By Ricardo Muniz  |  Agência FAPESP – Research conducted by Brazilian scientists and published in the journal Molecular Biology and Evolution has identified long noncoding RNAs (lncRNAs) active in the human cerebral cortex and mapped their evolution. The study involved the Butantan Institute and the University of São Paulo’s Institute of Chemistry (IQ-USP) and was supported by FAPESP. 

Long non-coding RNAs are genes that do not translate into functional proteins. The research group aimed to understand when these RNAs emerged during the evolution of the cortex in humans and other species and to identify their role in the complex organization of the brain. This information could help characterize their involvement in neurodevelopmental disorders. Although some characteristics may suggest that lncRNAs are merely transcriptional noise, research has shown that they have regulatory functions and the ability to acquire new functional modalities. Thus, a better understanding of their role may reveal potential therapeutic targets.

Important comparisons

The way brain cells function depends on which sets of genes are activated in each cell type and tissue. The cortex, the region responsible for processing information that gives humans immense cognitive capacity, is affected by neurodevelopmental disorders.

To characterize the evolution of the cortex, the outermost layer of the brain, the group compared the human lncRNA repertoire with those of three other vertebrate species. “Using gene transcription and genome comparison data, we made the first detailed and complete annotation of the genes transcribed in the cortex of humans, rhesus monkeys, mice, and chickens and classified the long non-coding RNAs into four distinct evolutionary groups based on their predicted ages,” explains Sergio Verjovski-Almeida, a researcher at the Cell Cycle Laboratory of the Butantan Institute and a professor at the Department of Biochemistry at IQ-USP.

The oldest lncRNAs are present in humans and chickens and emerged more than 300 million years ago. Those present in humans and mice emerged more than 90 million years ago. The most recent ones appeared over 25 million years ago and are found in humans and rhesus monkeys. The researchers also identified lncRNAs that were not present in the other three species studied and are specific to humans.

The authors systematically evaluated the contribution of lncRNAs, compiling a comprehensive catalog. “We show that they exhibit signatures that suggest they’ve played a role in functional specialization throughout evolution,” they say. “We used comparative transcriptomics and genomics to characterize the evolution of the lncRNA repertoire, and our analyses identified signatures of different evolutionary pathways for lncRNAs over time,” they point out.

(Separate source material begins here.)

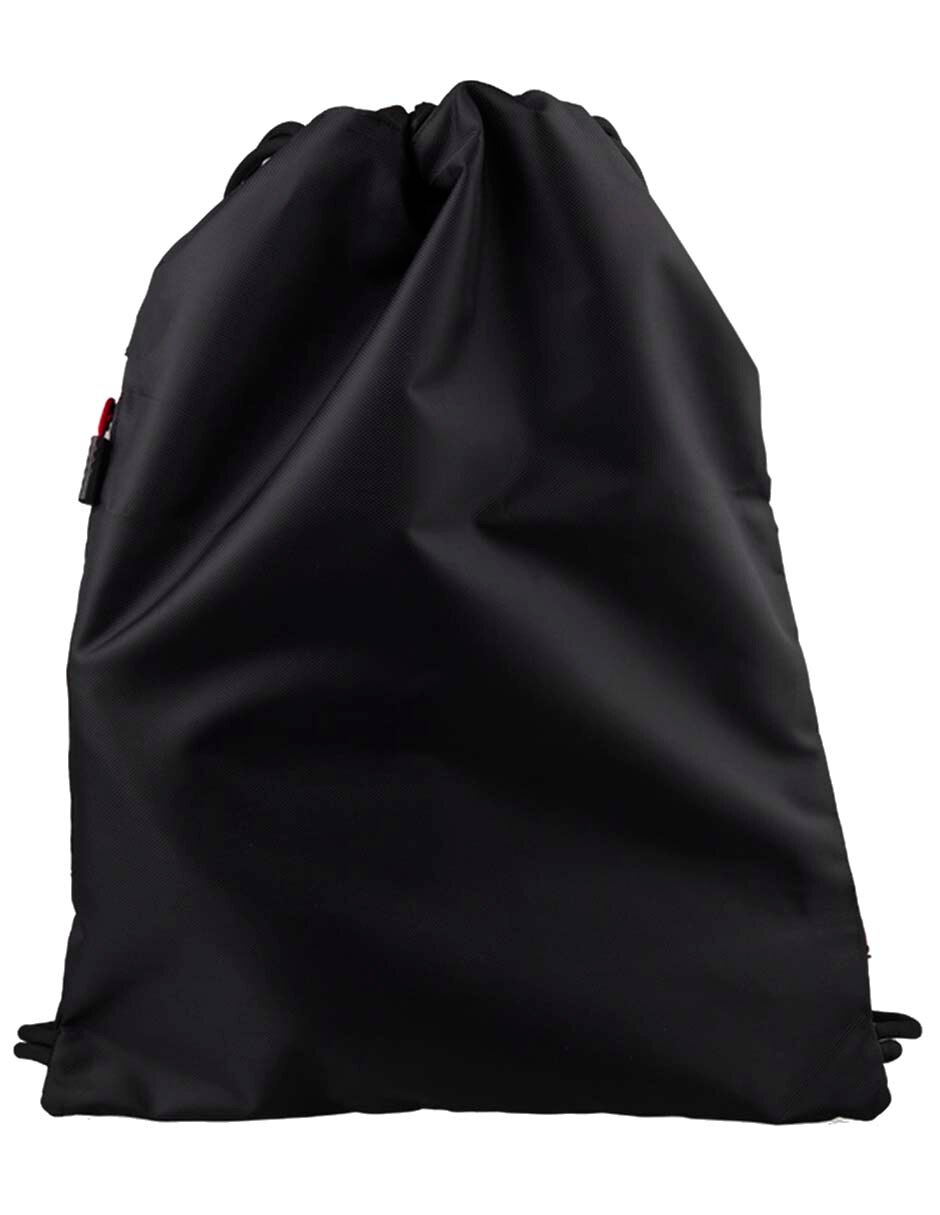 Mochila de entrenamiento 3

Older lncRNAs are preferentially expressed near developmental regulatory genes, while newer lncRNAs are selectively expressed in excitatory neurons – precisely those that are dysregulated in patients with neurodevelopmental disorders, such as autism spectrum disorder (ASD). The results suggest that these structures require further study.

“The analyses showed that the oldest lncRNAs were preferentially expressed in germinative zones, in outer radial glial cells, and in inhibitory GABAergic neurons [which inhibit the activity of other neurons by producing the neurotransmitter GABA] in the cortex. On the other hand, the younger ones showed preferential expression in excitatory glutamatergic neurons of the cortex [which stimulate other neurons by producing glutamate] – and appear to be dysregulated in patients with autism or autism accompanied by epilepsy,” explains Verjovski-Almeida.

Unexplored potential

Understanding how the structures of the cerebral cortex function on a molecular level is fundamental to unraveling the evolution of human cognition and gaining a deeper understanding of how it is impaired by diseases. For this reason, the authors argue that considerable effort has been made over the last decade to identify these changes, but the focus has been on the expression of protein-coding genes. However, it is now necessary to expand these analyses to the non-coding transcriptome, or the set of RNAs that do not give rise to proteins. “This is crucial to improving our understanding of the regulatory modifications of genes that led to the evolution of the human cerebral cortex.”

One challenge is finding the most relevant experimental models and cellular processes and searching for lncRNAs that are key targets in these processes. Another challenge is showing the loss and gain of function in a given cell type or organ when their transcription is repressed or overexpressed.

The work of the group was important because, in recent years, the intensive use of large-scale sequencing to detect gene expression in various organisms has revealed that thousands of lncRNAs represent a specific and diverse class of RNAs. Nevertheless, only a few dozen of these RNAs in humans have had their molecular mechanisms identified and characterized in detail.

In addition to Verjovski-Almeida, the work involved David Morales-Vicente, Ana Tahira, Murilo Amaral, and two of Verjovski-Almeida’s FAPESP-supported students: Daisy Woellner-Santos (19/09404-3) and Maria Gabriela Berzoti-Coelho (20/02976-9).

The article “The Human Developing Cerebral Cortex Is Characterized by an Elevated De Novo Expression of Long Noncoding RNAs in Excitatory Neurons” can be read at academic.oup.com/mbe/article/41/7/msae123/7697981.